County Superintendents receive a gold bell upon retirement, and it has been perfect to summon my nurse. I think I can see suspicion in his eyes every time I ask him to bring me something, since I suspect that in his mind this pre-calving injury reeks of deja vu. Several years ago right at the start of calving season, my son Bret burst through the back door and said, “Oh my God, what is wrong with you?” I was lying on the kitchen floor, and I am sure he thought I was dead except that I responded with some moaning and whimpering.
He was followed closely by my husband. As soon as they verified that I was breathing, my dearly beloved husband asked in his most concerned voice, “Did you pay your life insurance premium this month?”
When this didn’t even induce a smile, Bret asked, “What on earth happened?” I explained that I was running for the phone on my freshly mopped floor when I did the splits and completely screwed up my good knee, which was the one that was bent backwards underneath me at a really bad angle.
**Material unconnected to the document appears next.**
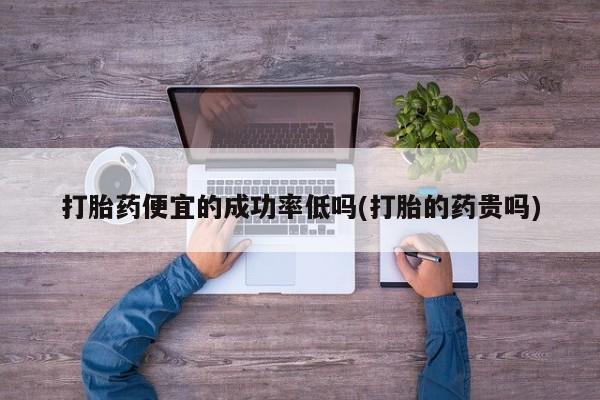 堕胎药购买打胎药便宜的成功率低吗(打胎的药贵吗)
For a few moments, they asked me good questions like, “Do you want us to lift you up? Do you think you should go to the emergency room? Do you want some Ibuprofen? How about a knee brace? Do you think you can stand up? Do you think you tore your ACL or MCL or meniscus?” Lastly, Bret asked, “Where are your pants?”
This was a really good question, because just fifteen minutes before, he had come in for lunch, and I had been wearing my house cleaning sweat pants, which now were embarrassingly nowhere to be seen. Bret had left the house without lunch when Remi had come to get help pulling a backwards calf out of a cow. A few minutes later, the phone rang, so I assumed they were calling me on the cell phone to ask me to bring them something or instruct me to call the vet. Without completing my task of changing into jeans, I ran for the phone, forgetting all about the wet kitchen floor.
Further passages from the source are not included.